Re: Questions about partial clone with '--filter=tree:0'

From: Alexandr Miloslavskiy <alexandr.miloslavskiy@syntevo.com>
To: Jonathan Tan <jonathantanmy@google.com>
Cc: git@vger.kernel.org, christian.couder@gmail.com,
	marc.strapetz@syntevo.com, me@ttaylorr.com
Subject: Re: Questions about partial clone with '--filter=tree:0'
Date: Mon, 26 Oct 2020 19:44:27 +0100	[thread overview]
Message-ID: <2f04c074-3eee-766c-bedb-2e3cc0a91528@syntevo.com> (raw)
In-Reply-To: <20201026182417.2105954-1-jonathantanmy@google.com>

On 26.10.2020 19:24, Jonathan Tan wrote:
> Sorry for the late reply - I have been out of office for a while.

I'm quite happy to get the replies at all, even if later. Thanks!

> As Taylor said in another email, it's good for some use cases but
> perhaps not for the "blame" one that you describe later.

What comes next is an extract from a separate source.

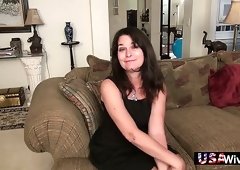 Lonely horny housewife Lori uses a sex toy for petting her hairy pussy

OK, so our expectations seem to match your expectations, that's good.

> That's true. I made some progress with cbe566a071 ("negotiator/noop: add
> noop fetch negotiator", 2020-08-18) (which adds a no-op negotiatior, so
> the client never reports its own commits as "have") but as you said in
> another email, we still run into the problem that if we have the commit
> that we're fetching, we still won't fetch it.

Right, I already discovered 'fetch.negotiationAlgorithm=noop' and gave 
it a quick try, but it didn't seem to help at all.

> To clarify: we partially support the last point - "git clone" now
> supports "--sparse". When used with "--filter", only the blobs in the
> sparse checkout specification will be fetched, so users are already able
> to download only the objects in a specific path.

I see. Still, it seems that two other problems will be solved.

> Having said that, I
> think you also want the histories of these objects, so admittedly this
> is not complete for your use case.

Right.

> Having such an option (and teaching "blame" to use it to prefetch) would
> indeed speed up "blame". But if we implement this, what would happen if
> the user ran "blame" on the same file twice? I can't think of a way of
> preventing the same fetch from happening twice except by checking the
> existence of, say, the last 10 OIDs corresponding to that path. But if
> we have the list of those 10 OIDs, we could just prefetch those 10 OIDs
> without needing a new filter.

I must admit that I didn't notice this problem. Still, it seems easy 
enough to solve with this approach:

1) Estimate number of missing things
2) If "many", just download everything for <path> as described before
    and consider it done.
3) If "not so many", assemble a list of OIDs on the boundary of unknown
    (for example, all root tree OIDs for commits that are missing any
    trees) and use the usual fetch to download all OIDs in one go.
4) Repeat step 3 multiple times. Only N=<maximum tree depth> requests
    are needed, regardless of the number of commits.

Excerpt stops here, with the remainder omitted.